The word "hierophant" is Greek, and it loosely translates to "the one who leads the way into the holy place." An Oneirophant would then be the one who leads people in to dreams, or perhaps the Art of Dreaming (lucidly). I didn't gain much from the Carlos Castaneda book, but I still believe there is an art to dreaming. Oneiromancy would be the art of divination from dreams; the most common form of which is dream interpretation (the Greek root of the suffix means roughly "prophecy"; though I don't purport to tell the future, just the present). Through the synthesis of these two arts can come a great deal of knowledge about the self. If you can lead yourself into dreaming consciously and then recall the events of the dream, you, the oneironaut, can learn a number of things about yourself based on the narrative structure and the barriers you emplace upon yourself.

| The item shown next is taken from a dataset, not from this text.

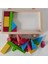 arabalı Blok Anaokulu Montessori Kavram Oyuncak Geometrik Şekiller Renkli Eğitim Blokları1 Adet 5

Last night, I had another different oneirophantic episode. I have performed "regular" lucid dreaming, with reality checks (such as asking yourself "Am I dreaming?"). I have performed WILDs (Wake Induced Lucid Dreams), where after an awakening you remain conscious as you return to REM sleep (very difficult if not impossible to do at the initial sleep onset because of the way that slow-wave sleep obliterates consciousness). I've also had dreams where I wasn't really lucid and yet I still exerted dream control (down to the level of controlling microbes). But last night, I programmed myself while falling asleep. I told myself over and over again that everything from this point on would be a dream would be a dream would be a dream. . . .

So I'm walking along an icy/snowy sidewalk in a hilly area not unlike Westmoreland County in the Pittsburgh environs. The idea comes to me to fly. Just like that; I start flapping my arms and I'm flying. Flight triggers my memory that oh yeah, I'm dreaming (usually, it's the realization that triggers the flight). So I decide to try out other dream powers and so help me I decided to try webslinging like Spider-Man. In the middle of bumblefuck, PA. Where there are no tall buildings. My dream-self has a fully developed sense of hubris (or does now, if it didn't) and I spent a few seconds looking for something to webshoot as I fell from a couple-dozen feet high to land unceremoniously on the wet, muddy gravel below. I came down pretty hard, but I was lucid-invulnerable so I didn't lose any teeth when the left side of my face hit the rocks (apologies for being so bloody descriptive, but it helps my eidetic recall when I reread this a year down the line). So I did it again but this time I had the common sense to whip together a spidey-parachute out of webbing half a second before I hit the ground running. As I ran, I thought about taking flight but instead decided to conceptualize some of my dream powers as comic book characters. So I ran faster, thinking of the Flash and then thought about teleportation. I almost felt the lucidity fade until I quickly came up with Nightcrawler. I don't know if the fading of lucidity was actual, or more likely imposed by my desire to conceptualize dream powers as superpowers (my subconscious was warning me to play by its self-imposed rules?).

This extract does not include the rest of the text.